Certes, il existe bien une « Union nationale des femmes algériennes » mais cet organisme est animé par des femmes « évoluées » des villes dont la bonne volonté n’est pas à nier, mais dont la difficulté à créer un dialogue avec leurs soeurs défavorisées des bidonvilles, des quartiers surpeuplés, et avec leurs soeurs de la campagne, n’est pas à nier non plus.  L’appareil existe mais il est sclérosé, paralysé, et manque de troupes.  « L’Union nationale des femmes algériennes » est une excroissance du régime, du F.L.N. En conséquence il souffre des mêmes contradictions dont souffrent le régime et le parti.  Il est condamné à agir dans le sens déterminé par le « sommet », selon les intérêts de l’Etat et de la nation et non selon les intérêts spécifiques des femmes. De plus, et comme cela fut presque toujours le cas, les hommes considèrent que les problèmes de la femme doivent être réglés par les femmes elles-mêmes, dans un cadre dessiné par les hommes, alors que pour l’Algérie plus particulièrement, ainsi qu’en témoigne encore l’ouvrage publié chez F. Maspéro, l’émancipation de la femme ne peut se faire qu’au prix de l’émancipation de l’homme, ces deux émancipations devant se nourrir, l’une l’autre pour surmonter les obstacles hérités du passé, de la mentalité féodale, qui fait de l’homme un oppresseur et de la femme une complice inconsciente de son seigneur et maître, lequel trouve dans cette acceptation de la soumission, et dans le fait que ses parents et ses grands-parents agissaient ainsi, la justification de mâle.

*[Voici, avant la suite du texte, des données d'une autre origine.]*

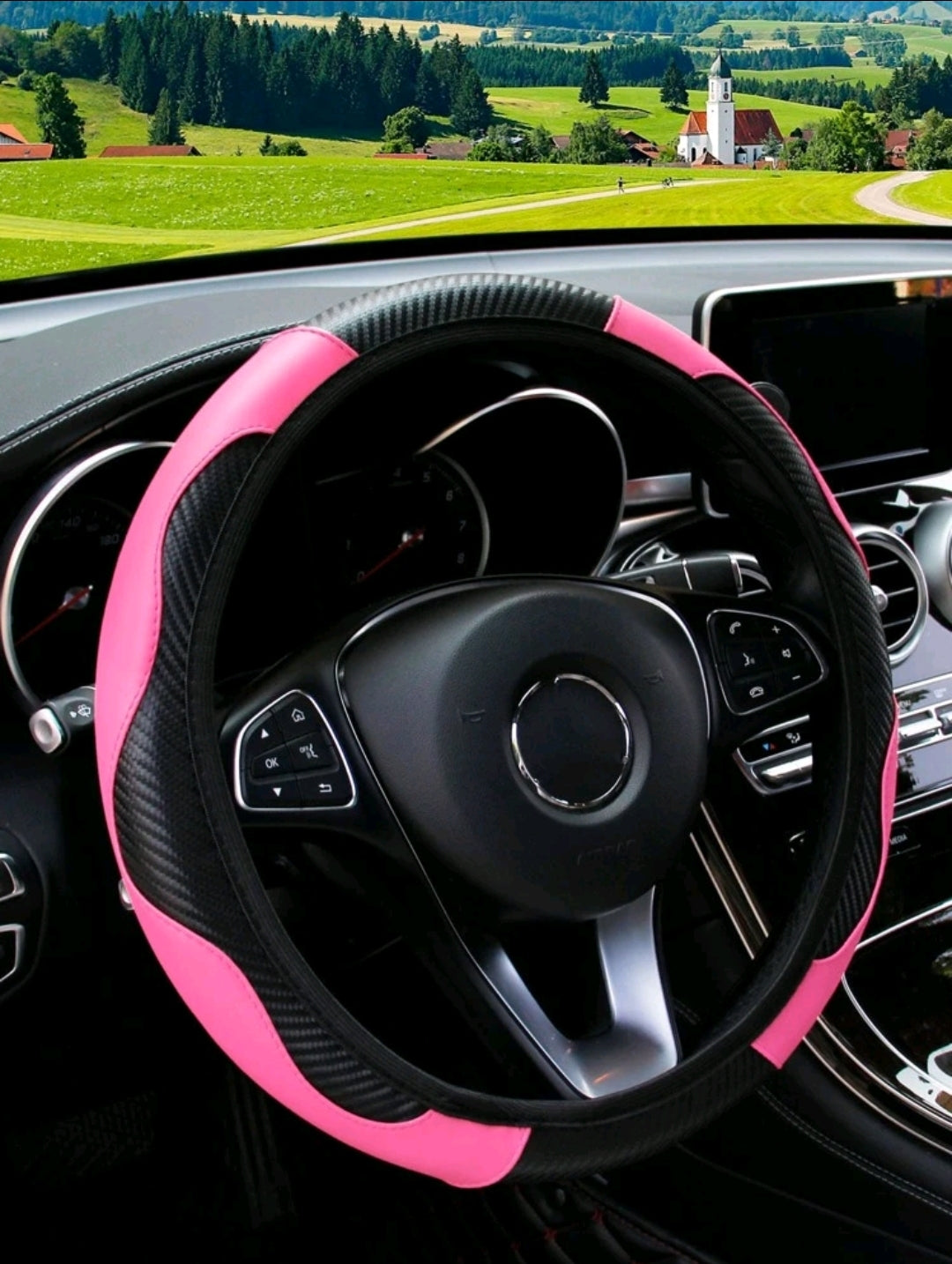 PU Leather Steering Wheel Cover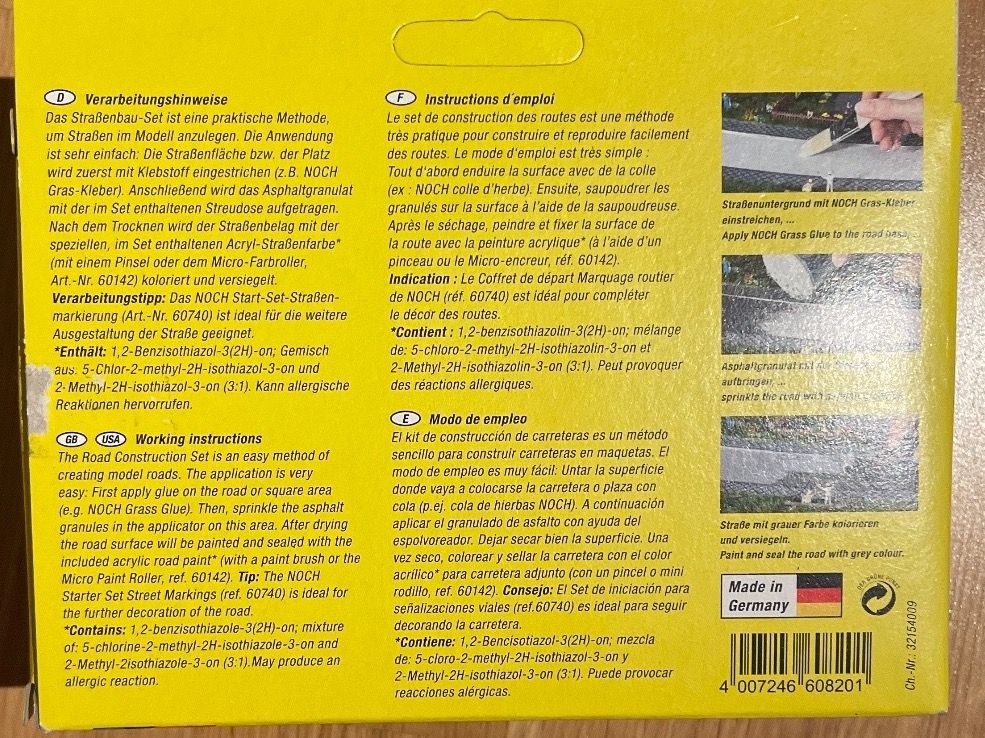 Noch Modelleisenbahnen: Noch Strassenbau-Set – Neu und originalverpackt aus Schupfart von famueller 2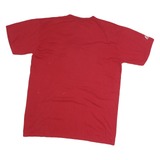 GENUINE MERCHANDISE Mens Red Reds Graphic T-Shirt M Short Sleeve Henley Neck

Seul un homme algérien désaliéné, capable de comprendre que mentalités sont aussi des produits sociaux, des produits de la lutte des classes pourra soutenir la femme aliénée dans son effort vers la liberté. Mais, il est vrai si nous en croyons Amar Ouzegane, que l’Algérie n’a rien à voir avec la lutte des classes et qu’il n’y a dans ce pays que deux genres d’individus : les masses travailleuses installées au pouvoir en la personne des équipes gouvernementales, et la « bourgeoisie » vivante encore mais impuissante, et reléguée loin des leviers de commande ! Schéma intéressant mais qui pourrait ne pas résister à une analyse scientifique des plus élémentaires.